What is needed is a verbatim copy of the data, minus the pictures.

** Recorded data **
☆ ☆ ☆
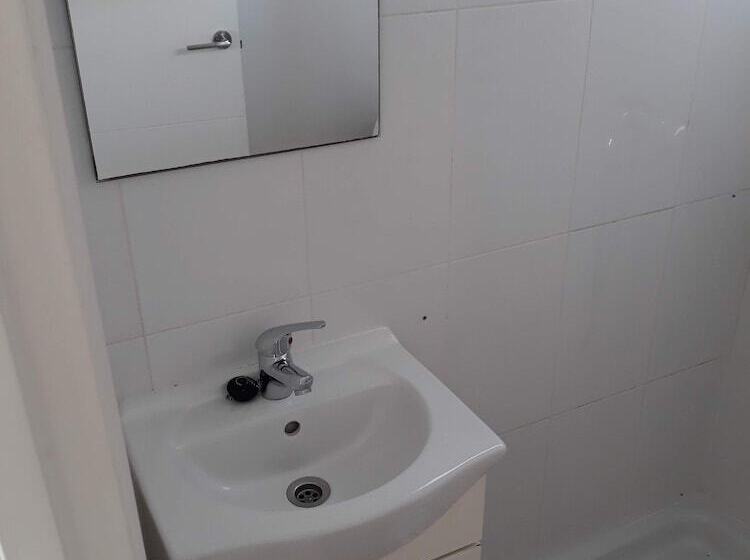 فندق Camping San Javier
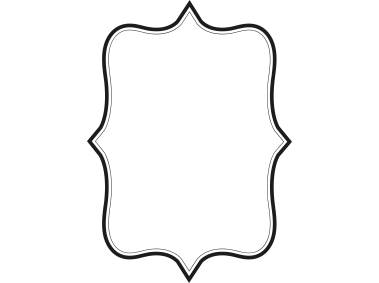Ornament Frame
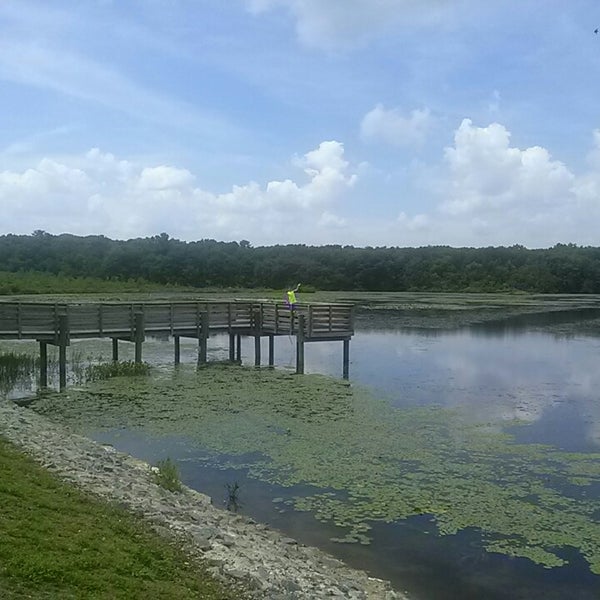 Helmetta Lake Park 1 tip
☆ ☆ ☆
** Output for this task **
 فندق Camping San Javier
Ornament Frame
 Helmetta Lake Park 1 tip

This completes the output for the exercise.